The second paragraph of the lede says that Dutch does not have the status of an official language, based on this source from the site De Nederlandse Grundwet.
Now, several sources claim otherwise:
Dutch is an official language in the Netherlands, Belgium, Surinam and the former Dutch Antilles (including Aruba).
— Georges, De Schutter (1994). "Dutch". In König, Ekkehard; van der Auwera, Johan (eds.). The Germanic languages. London: Routledge. pp. 439–477.Modern Standard Dutch is the official language of the Netherlands and one of the official languages of Belgium.
— Kooij, Jan G. (2009). "Dutch". In Comrie, Bernard (ed.). The World's Major Languages. New York: Routledge. pp. 110–124.Dutch (Nederlands) is the official language of the Netherlands...
— Simpson, J.M.Y. (2008). "Dutch". In Keith, Brown; Ogilvie, Sarah (eds.). Concise Encyclopedia of Languages of the World 1st Edition. Elsevier Science. pp. 307–311. ISBN 9780080877754.

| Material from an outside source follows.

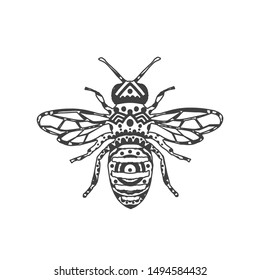 Abstract Ornamental Bee Shape. Vector Honey Bee for Your Design.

I doubt that these sources are all wrong. The main issue seems to be the purely de facto status of Dutch as official language of the Netherlands since there is no explicit regulation in the constitution or elsewhere. The above-mentioned text in De Nederlandse Grundwet talks about unsuccessful attempts to amend the constitution in this respect, and cites as one of the reasons for an initiative in 1995: "Het artikel beoogde ook de tot dusver ongeschreven regel vast te leggen dat Nederlands de officiële voertaal is." (The article also intended to specify the hitherto unwritten rule that Dutch is the official language").
So, should we follow reliable sources in this matter, or do we take the position "no de jure official language" = "no official language". Personally, I opt for the former solution. – Austronesier (talk) 12:05, 22 May 2023 (UTC)

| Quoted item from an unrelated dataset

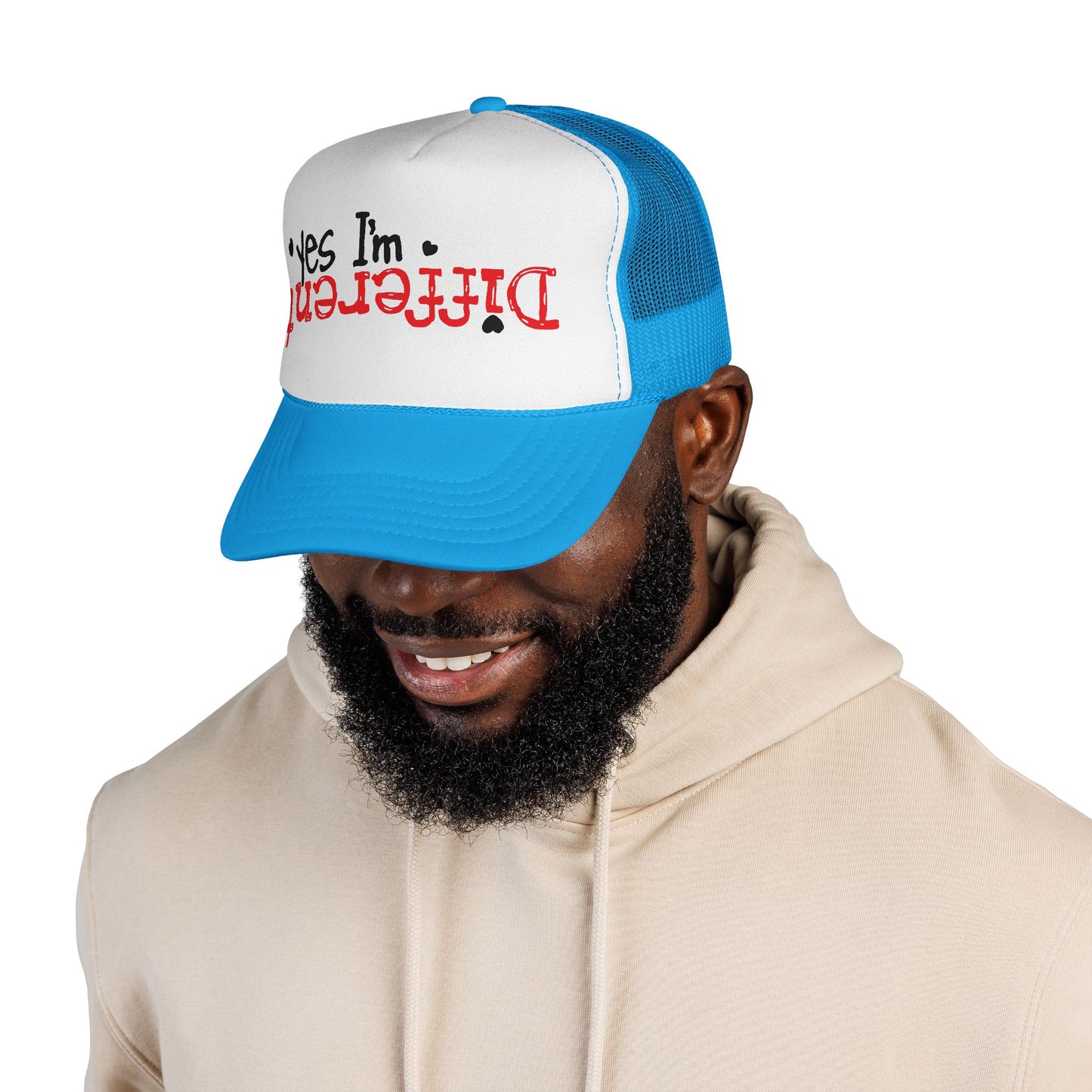 Trucker Hat — “Yes I’m Different” Upturned Text Mesh Cap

- @Austronesier It is a valid question, and I've wondered about this. But I think we can regard de jure and "official" as synonyms, because all discussions about whether to make Dutch the "official" language had to do with enshrining it in the Dutch Constitution or some other sort of national/countrywide law. "Nederlandse taal in de Grondwet" . denederlandsegrondwet.nl (in Dutch). Montesquieu Instituut. 2018. Retrieved 21 March 2023.

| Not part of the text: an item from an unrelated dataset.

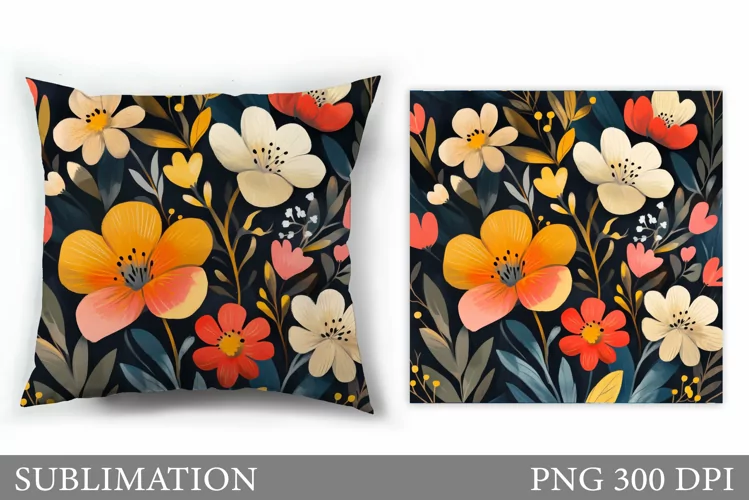 Flowers Pillow Sublimation. Floral Pillow Sublimation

- By comparison, the Dutch language has been made co-official in the province of Friesland, as well as co-official in the Caribbean Netherlands or BES islands (as well as the CAS islands), but not on a national/countrywide level. How? By law. We can point to a written text which says that Dutch is official in each of these subnational territories.
- The fact that, after a plethora of formal opposition, arguments and recommendations against it were made, the formal proposal by the government to make Dutch an / the official language of/in the Netherlands on the national/countrywide level was ultimately withdrawn by the government on 19 February 2018, leads to the conclusion that it still hasn't been made "official". And that this withdrawal is the result of careful considerations of the pros and contras (and the latter seem to have outweighed the former). The government gave up because it was unclear what to do with other languages, and there was "insufficient societal need" (onvoldoende maatschappelijke behoefte) to continue trying to make it official:
Minister Ollongren wrote to the House of Representatives that the proposal did not sufficiently take into account other the official languages used in the Netherlands besides Dutch and Frisian, such as English and Papiamentu. The cabinet also saw insufficient societal need for the bill.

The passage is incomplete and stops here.